1. CALCULATE with unnecessary context transition

// Expensive: Forces full table scan
Bad Measure = 
CALCULATE(
    SUM(Sales[Amount]),
    ALL(Sales)
)

// Optimized: Uses SUMX only when row context is needed
Good Measure = 
SUMX(
    VALUES(Products[Category]),
    [Category Sales]
)

2. Iterator functions on large tables

// Expensive: SUMX iterates row by row over millions
Bad Revenue = 
SUMX(
    Sales,
    Sales[Quantity] * RELATED(Products[Price])
)

// Optimized: Pre-calculate in Power Query or use measure
Good Revenue = 
SUM(Sales[Revenue])  -- Column computed at refresh time

3. Excessive use of DISTINCTCOUNT

DISTINCTCOUNT is one of the most expensive DAX operations because it requires scanning and deduplicating the entire column. For high-cardinality columns (>1M distinct values), consider:

Pre-aggregating in Power Query
Using approximate distinct count if precision isn’t critical
Partitioning the calculation by date ranges

Phase 4: Capacity Right-Sizing

After optimizing refreshes and queries, the actual CU consumption profile becomes clear. We then right-size the capacity:

The Decision Matrix

Current Peak CU	Sustained Average	Recommendation
>90% of capacity	>60% average	Keep current tier
>90% of capacity	<40% average	Optimize scheduling, then reassess
<60% of capacity	<30% average	Downgrade one tier
<40% of capacity	<20% average	Downgrade two tiers

Auto-Scale Configuration

For organizations with predictable usage patterns (high during business hours, minimal overnight), Fabric supports capacity auto-scaling. We configure:

Base capacity: F16 (handles overnight refreshes and low-traffic periods)
Scale-up trigger: 75% sustained CU for 10 minutes
Scale-up target: F32 (handles business-hour query load)
Scale-down trigger: <30% sustained CU for 30 minutes
Scale-down target: Return to F16

This pattern reduces effective monthly cost by 30-40% compared to a static F32 allocation.

Phase 5: Governance Automation

Optimization is not a one-time event. Without ongoing governance, organizations drift back to inefficiency within 3-6 months as new workspaces are created, new datasets are published, and new refresh schedules are configured.

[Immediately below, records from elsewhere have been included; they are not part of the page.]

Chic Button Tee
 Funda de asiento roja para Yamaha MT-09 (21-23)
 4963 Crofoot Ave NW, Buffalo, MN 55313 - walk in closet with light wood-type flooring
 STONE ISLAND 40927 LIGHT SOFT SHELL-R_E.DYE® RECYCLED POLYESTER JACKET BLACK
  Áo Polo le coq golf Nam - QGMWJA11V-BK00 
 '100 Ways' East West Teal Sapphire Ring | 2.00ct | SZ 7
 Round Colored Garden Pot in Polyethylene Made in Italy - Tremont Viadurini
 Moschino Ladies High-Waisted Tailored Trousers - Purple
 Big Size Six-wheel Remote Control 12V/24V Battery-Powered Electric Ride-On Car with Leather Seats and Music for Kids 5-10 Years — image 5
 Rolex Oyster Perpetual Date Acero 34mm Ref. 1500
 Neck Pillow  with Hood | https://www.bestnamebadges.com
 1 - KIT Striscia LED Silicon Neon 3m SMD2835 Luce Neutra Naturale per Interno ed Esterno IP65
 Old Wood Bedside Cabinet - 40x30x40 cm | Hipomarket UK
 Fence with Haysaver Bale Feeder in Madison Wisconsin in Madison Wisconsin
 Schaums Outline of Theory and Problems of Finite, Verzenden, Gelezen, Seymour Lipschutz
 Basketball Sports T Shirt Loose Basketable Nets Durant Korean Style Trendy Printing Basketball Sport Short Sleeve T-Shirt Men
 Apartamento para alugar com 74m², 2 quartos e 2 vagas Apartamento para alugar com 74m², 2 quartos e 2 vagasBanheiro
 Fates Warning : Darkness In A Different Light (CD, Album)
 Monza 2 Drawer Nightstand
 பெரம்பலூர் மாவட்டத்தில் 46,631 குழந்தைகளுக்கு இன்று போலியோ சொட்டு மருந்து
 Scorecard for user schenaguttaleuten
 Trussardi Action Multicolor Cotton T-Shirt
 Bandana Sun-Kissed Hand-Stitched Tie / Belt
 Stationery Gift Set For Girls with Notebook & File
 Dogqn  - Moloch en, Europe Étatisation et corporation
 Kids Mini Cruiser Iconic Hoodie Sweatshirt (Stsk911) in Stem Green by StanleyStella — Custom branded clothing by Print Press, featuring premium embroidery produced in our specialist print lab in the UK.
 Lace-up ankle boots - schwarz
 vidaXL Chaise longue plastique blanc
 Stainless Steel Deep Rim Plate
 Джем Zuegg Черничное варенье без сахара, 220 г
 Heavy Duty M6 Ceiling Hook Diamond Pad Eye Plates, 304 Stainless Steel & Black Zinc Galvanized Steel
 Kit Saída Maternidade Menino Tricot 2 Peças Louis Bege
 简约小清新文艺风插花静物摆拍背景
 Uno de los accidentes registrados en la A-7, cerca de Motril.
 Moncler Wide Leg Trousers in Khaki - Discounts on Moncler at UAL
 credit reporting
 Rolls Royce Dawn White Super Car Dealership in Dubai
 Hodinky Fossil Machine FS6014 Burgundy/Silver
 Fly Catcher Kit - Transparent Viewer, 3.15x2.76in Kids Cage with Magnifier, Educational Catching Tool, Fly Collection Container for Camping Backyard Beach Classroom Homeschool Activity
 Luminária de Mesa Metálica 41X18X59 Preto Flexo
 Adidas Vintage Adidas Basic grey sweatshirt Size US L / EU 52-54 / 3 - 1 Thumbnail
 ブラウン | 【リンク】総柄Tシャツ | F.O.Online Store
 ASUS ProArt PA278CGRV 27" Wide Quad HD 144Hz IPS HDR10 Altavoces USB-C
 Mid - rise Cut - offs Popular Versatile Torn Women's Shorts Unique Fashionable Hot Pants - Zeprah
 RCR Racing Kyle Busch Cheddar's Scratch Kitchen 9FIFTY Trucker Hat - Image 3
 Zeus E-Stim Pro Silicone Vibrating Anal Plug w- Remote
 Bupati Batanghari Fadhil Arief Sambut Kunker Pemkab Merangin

We deploy automated governance through CI/CD pipelines that:

Block oversized datasets from publishing to production (>500MB without incremental refresh configured)
Alert on refresh failures that exceed 3 consecutive occurrences
Report weekly on capacity utilization trends with anomaly detection
Flag inactive workspaces quarterly for review

The ROI Framework

For a mid-sized organization running F64 capacity:

Optimization	CU Reduction	Monthly Savings (USD)
Zombie workspace cleanup	5-10%	$400-$830
Refresh schedule staggering	15-25%	$1,250-$2,080
Incremental refresh adoption	10-20%	$830-$1,660
DAX query optimization	10-15%	$830-$1,250
Capacity right-sizing (F64→F32)	50%	$4,160
Total potential savings		$7,470-$9,980/month

Annualized, that’s $89,640-$119,760 in reduced Fabric licensing costs. The audit and optimization engagement typically costs a fraction of the first year’s savings.

The Bottom Line

Fabric capacity optimization isn’t about cutting corners. It’s about ensuring every CU consumed delivers business value. The organizations that treat capacity management as an engineering discipline—not an afterthought—consistently spend 30-50% less while delivering faster, more reliable reporting to their stakeholders.